In this interview, the urban planner discusses her new book and how to make shared micromobility more equitable.
Not once in Veronica O. Davis’ book, “Inclusive Transportation,” does the urban planner provide a definition of ‘equity.’ That’s not to say that she doesn’t engage on the topic — in fact, creating an equitable transportation system is one of the underlying themes of the whole book. Instead, she offers different definitions that have been used by others and leaves room for the reader to figure out what makes the most sense on a case-by-case basis.
“I was very intentional about not giving a definition because I didn’t want someone to take my definition and say, ‘Yes, I’ve done the equity,’” says Davis, who co-founded Black Women Bike and currently serves as the director of transportation and drainage operations at the City of Houston. “The definition of equity really changes depending on your community and what your goals are for any given project.”
Davis’ book is “a manifesto for repairing divided communities,” and it’s meant to help urban planners, engineers, transportation advocates, policymakers, and journalists disrupt the status quo.
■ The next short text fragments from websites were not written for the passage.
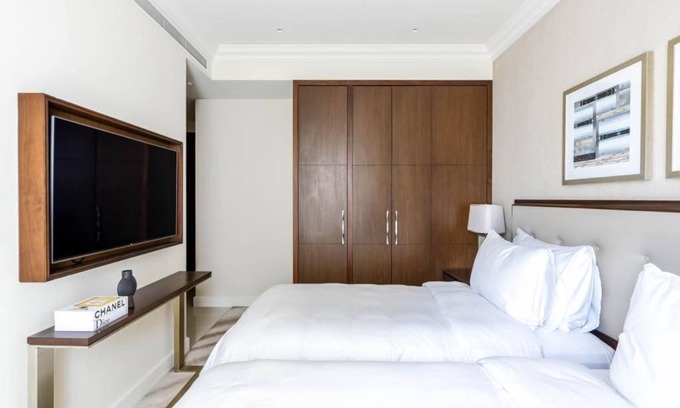 Jumeira 3 Apartment | 2-bedroom corporate apartment in brilliant Dubai with AC, WiFi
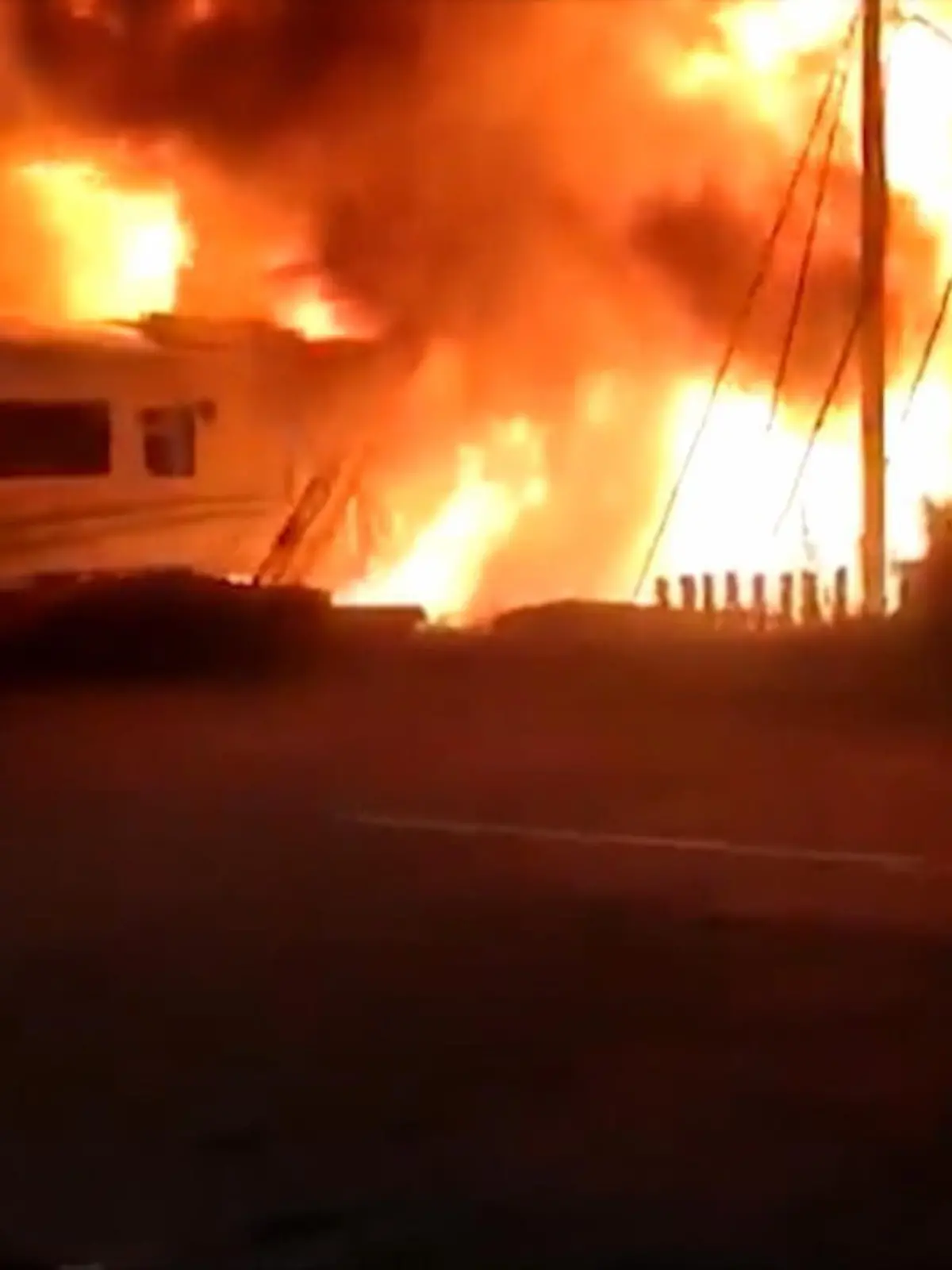 Aus bislang unklarer Ursache bleibt ein Lkw an einem Bahnübergang liegen - ausgerechnet als sich ein Passagierzug nähert. Der Zug kracht in den Sattelzug, ein Riesen-Feuerball entsteht.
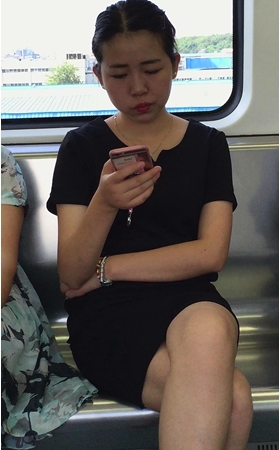 黑色OL制服短裙美女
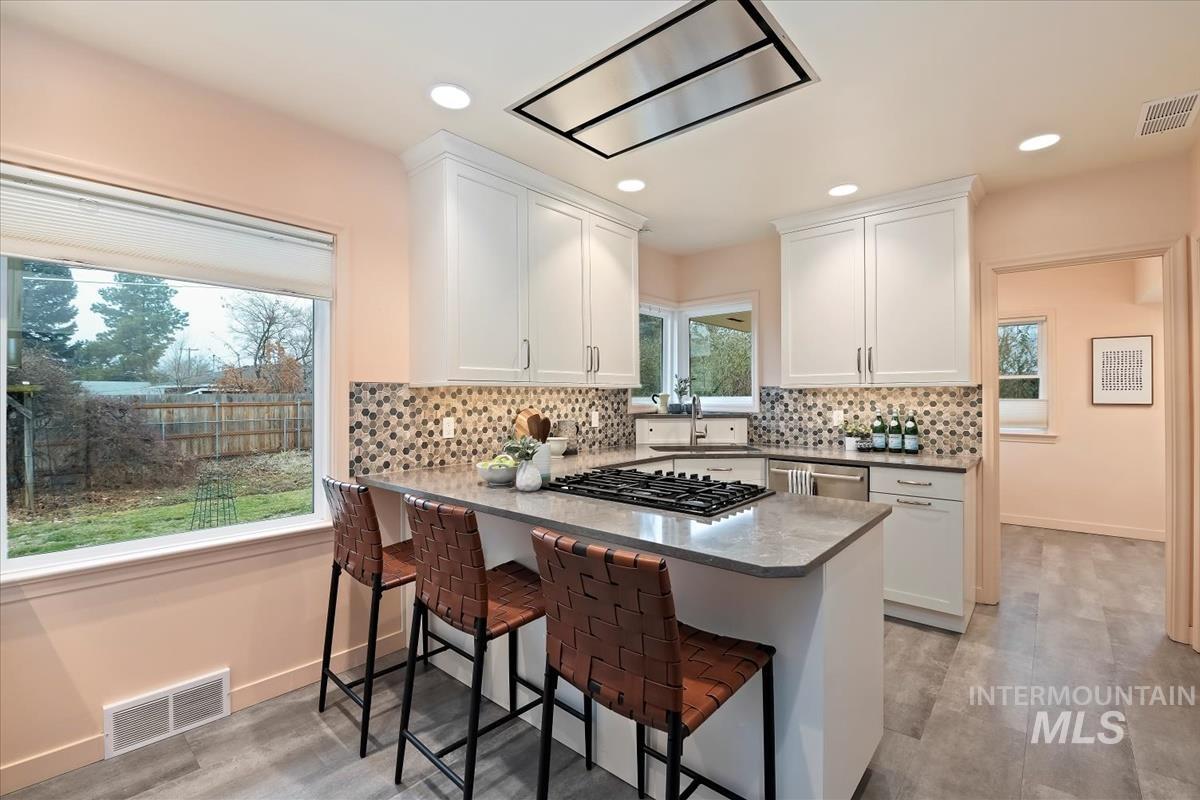 20 S Mesa Vista Dr, Boise, Idaho 83705, 3 Bedrooms, 1 Bathroom, Residential For Sale, Price $549,900,MLS 98971941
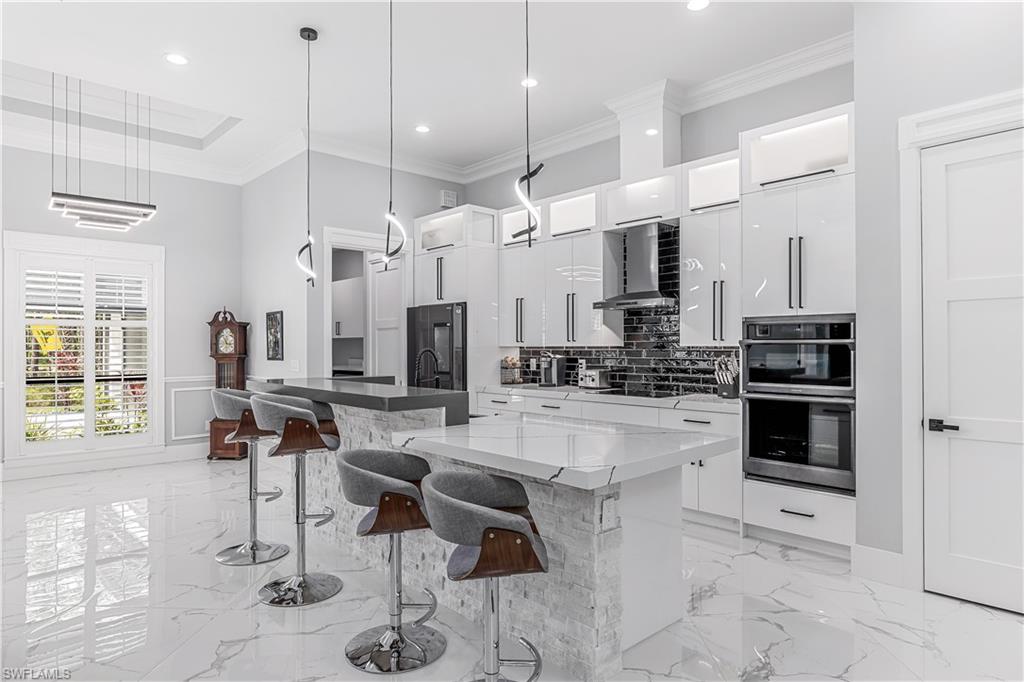 GOLDEN GATE ESTATES - Residential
The goal is to rethink transportation and design communities around people, creating cities where past harms are accounted for and minorities don’t continue to bear the brunt of American autocentricity. Needless to say, there’s a lot of work to be done.
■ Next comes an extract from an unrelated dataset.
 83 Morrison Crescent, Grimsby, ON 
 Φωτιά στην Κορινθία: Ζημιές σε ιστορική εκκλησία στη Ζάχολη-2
Like all facets of American transportation, the shared micromobility industry is ripe for reform. However, as we usher in a new era of transportation planning, it’s also uniquely positioned to be an integral part of the solution. We spoke with Davis about her book and how to apply its many lessons to shared micromobility.
BBSP: In a general sense, why is your book an important read for those working in shared micromobility?
Veronica O. Davis: I didn’t just write this book for planners and I believe it is very much relevant for those working in shared micromobility because inclusive transportation is about providing all types of options to people. Right now we’ve built a system where many people are dependent on motor vehicles, which are very expensive — even owning a bike can be expensive for people.
Shared micromobility gives people more options and can help people with first-mile/last-mile connections so that they can access public transit. Things like bike share give people a low-cost opportunity to move, so to me, they’re an extremely important part of an inclusive transportation network. This is especially true as we introduce more e-bikes and adaptive devices into our networks, which add another aspect of inclusivity.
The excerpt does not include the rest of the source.